▶ _Your goal_: Without the pictures, retype each line below exactly as it stands.

▶ _Information shown_:
►

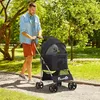 PawHut hondenwagen, 2-in-1 hondenbuggy, inklapbare Productafbeelding-voorbeeld 4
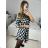 Women's Long Sleeve Shirt Dress (S/M/L ONE SIZE) ITALIAN FASHION IMC22658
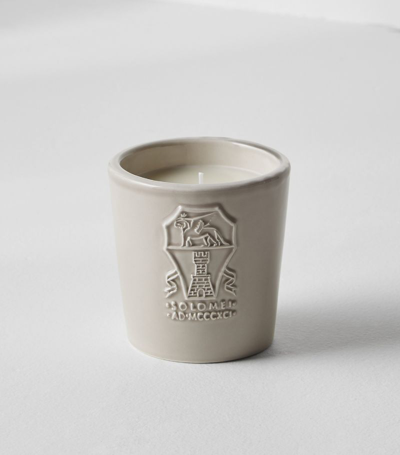 Brunello Cucinelli Ceramic Ebano Candle In Grey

◄

▶ _Your response_:
 PawHut hondenwagen, 2-in-1 hondenbuggy, inklapbare Productafbeelding-voorbeeld 4
 Women's Long Sleeve Shirt Dress (S/M/L ONE SIZE) ITALIAN FASHION IMC22658
 Brunello Cucinelli Ceramic Ebano Candle In Grey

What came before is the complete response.